▶ _EXERCISE REQUIREMENTS_
Could you output the entries that follow exactly, omitting any pictures they contain?

▶ _SUPPLIED INFORMATION_
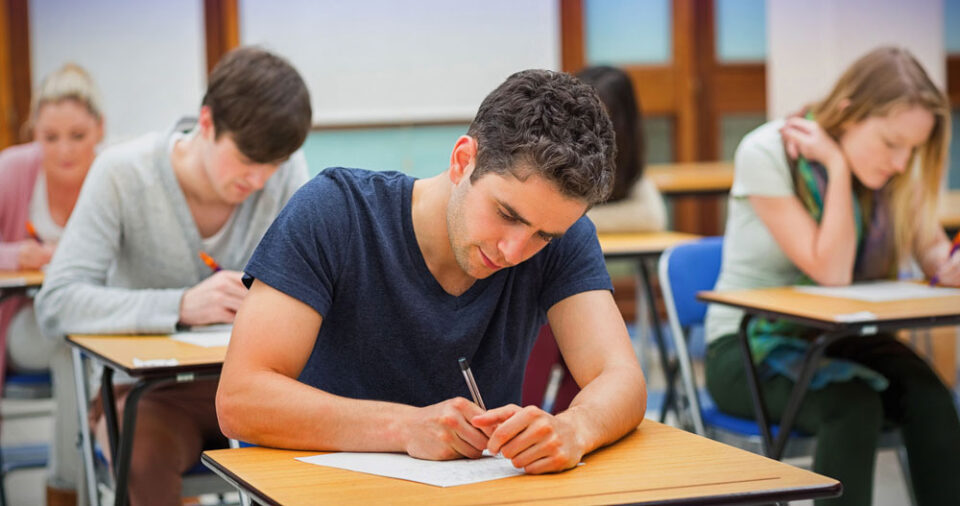 man at desk completing paper assessment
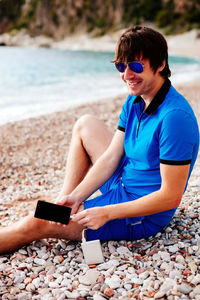 Smiling man using mobile phone while sitting on pebbles at beach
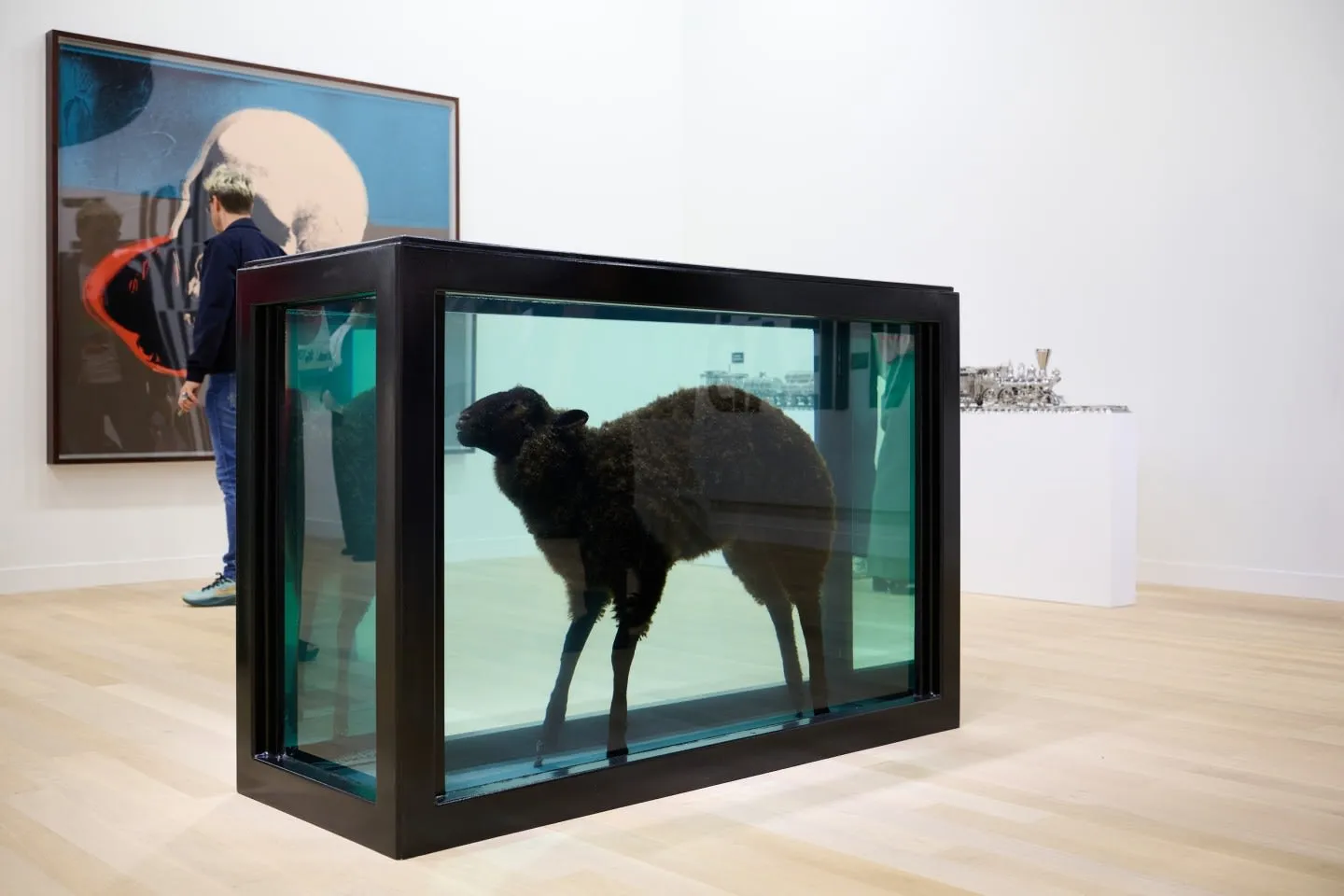 Sanat galerisinin açık renk ahşap zemini üzerinde, siyah çerçeveli cam bir tank içinde yeşilimsi berrak bir sıvıya yerleştirilmiş siyah tüylü bir koyun sanat eseri sergileniyor; sol arkada büyük bir soyut tabloya bakan bir ziyaretçi ve sağda metalik bir heykel ile modern bir sergi atmosferi.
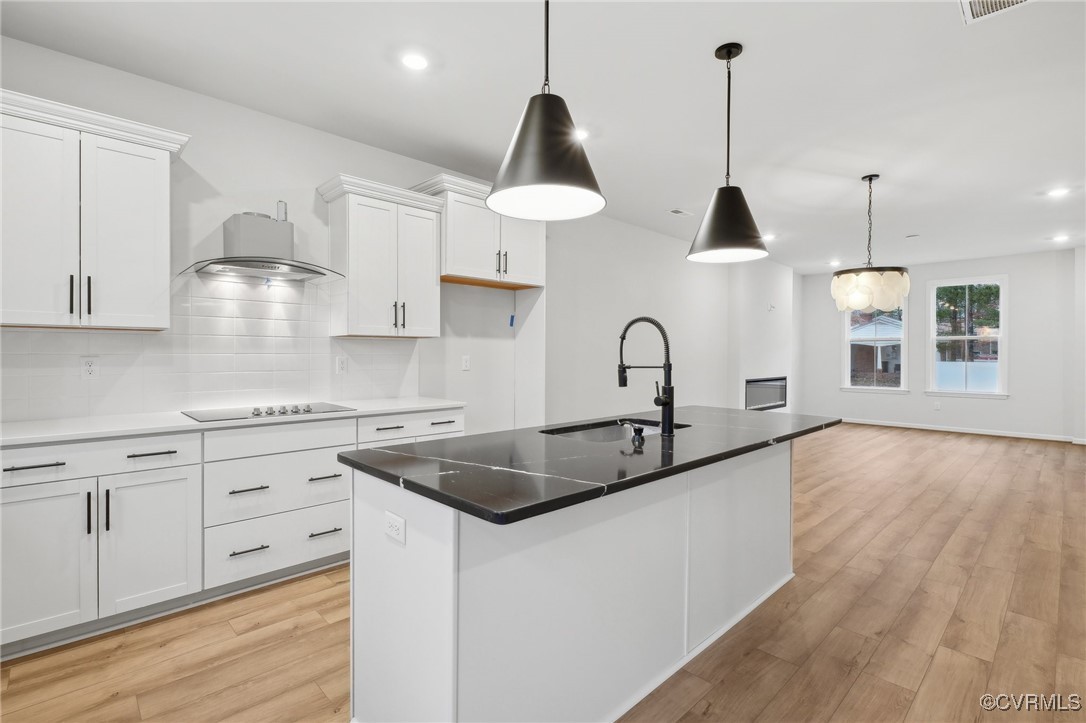218 That Way Midlothian, VA 23114 - Photo 3 of 22 a kitchen with stainless steel appliances granite countertop a sink a stove and a wooden floor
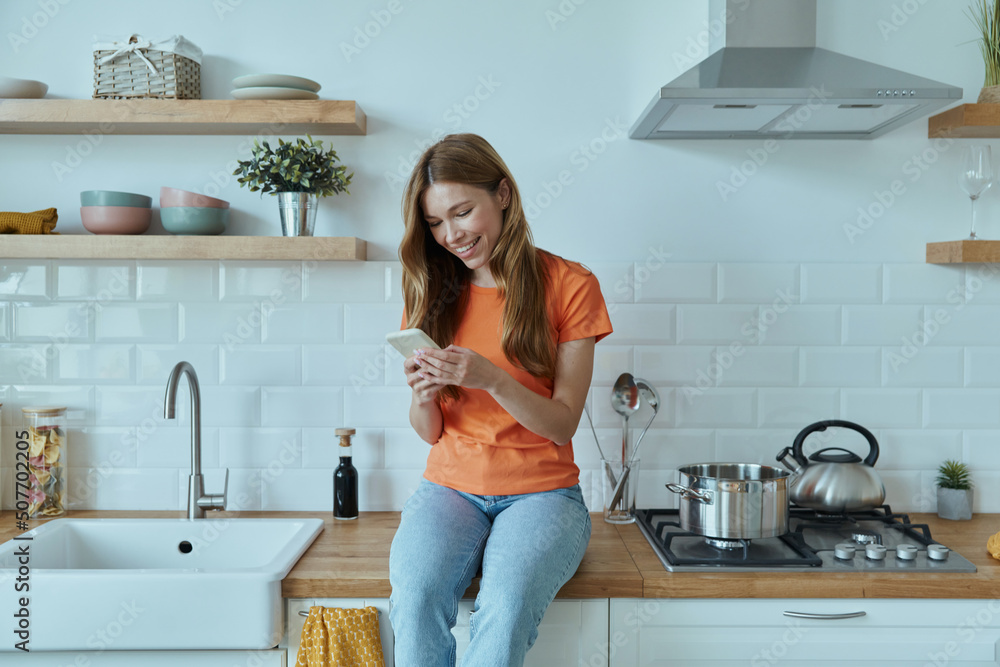 Beautiful young woman using smart phone while sitting at the kitchen counter Beautiful young woman using smart phone while sitting at the kitchen counter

▶ _OUTPUT FOR THIS EXERCISE_
 man at desk completing paper assessment
 Smiling man using mobile phone while sitting on pebbles at beach
 Sanat galerisinin açık renk ahşap zemini üzerinde, siyah çerçeveli cam bir tank içinde yeşilimsi berrak bir sıvıya yerleştirilmiş siyah tüylü bir koyun sanat eseri sergileniyor; sol arkada büyük bir soyut tabloya bakan bir ziyaretçi ve sağda metalik bir heykel ile modern bir sergi atmosferi.
218 That Way Midlothian, VA 23114 - Photo 3 of 22 a kitchen with stainless steel appliances granite countertop a sink a stove and a wooden floor
 Beautiful young woman using smart phone while sitting at the kitchen counter Beautiful young woman using smart phone while sitting at the kitchen counter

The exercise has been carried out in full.